Dr. Christine Roffe, professor of medicine at Keele University in Stoke-on-Trent, England, commented that a person’s point of view of disability often changes after having a stroke.
"We’ve always assumed that if you asked someone before they had a stroke, ‘Would you rather have a stroke or be dead?’ that people would say, ‘I’d rather be dead,’ " she said in an interview. It’s not unreasonable that most people would probably say they would rather be dead than be severely incapacitated for the rest of their lives, she added.
However, after having a stroke, people often report that they are able to continue to live their lives reasonably happily despite often being quite disabled and having lost their independence.

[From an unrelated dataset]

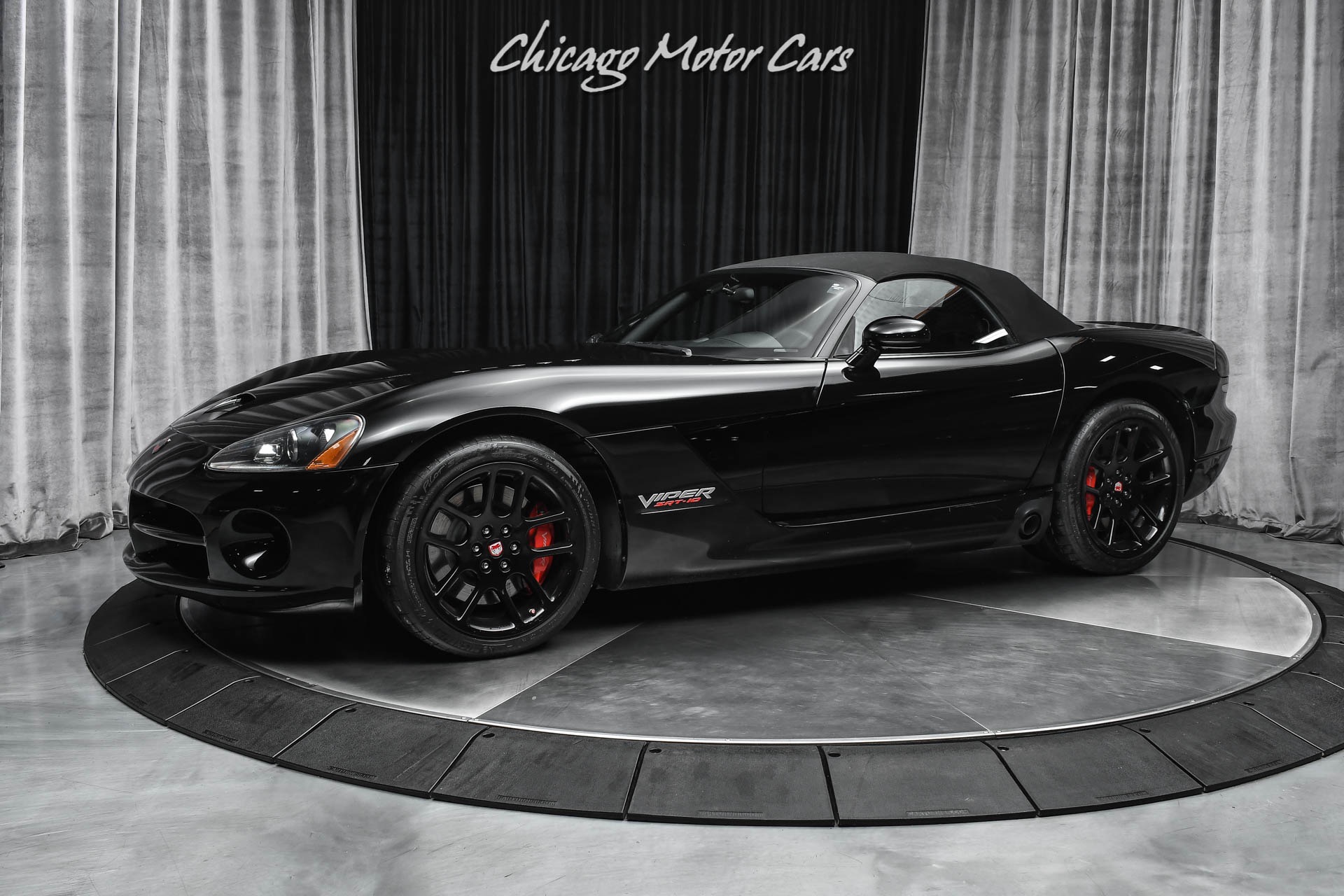 black viper car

The DESTINY II data show that people who had surgery were quite happy despite any disability, and this was at a similar level to those who were treated conservatively but with higher survival rates, Dr. Roffe noted.
The ethical implications of this could be considerable, she suggested. It shows that people who have living wills or who decide that they do not want treatment in the event of a stroke could live just as happy a life after the event as before. It therefore begs the question of whether patients should be allowed to decide on this aspect of their care, she added.
The German Research Foundation and the German Ministry of Science and Education financially supported the study. Dr. Hacke had no disclosures. Dr. Roffe was not involved in the study and had no relevant conflicts of interest.
AT THE EUROPEAN STROKE CONFERENCE
Major finding: At 1 year, 57% of surgically managed versus 24% of conservatively managed patients were alive (P less than .001).
Data source: DESTINY II, a multicenter, randomized controlled clinical trial of decompressive surgery or conservative intensive care treatment in 112 patients aged 61 years or older with malignant infarction of the middle cerebral artery.
Disclosures: The German Research Foundation and the German Ministry of Science and Education financially supported the study. Dr. Hacke had no disclosures. Dr. Roffe was not involved in the study and had no relevant conflicts of interest.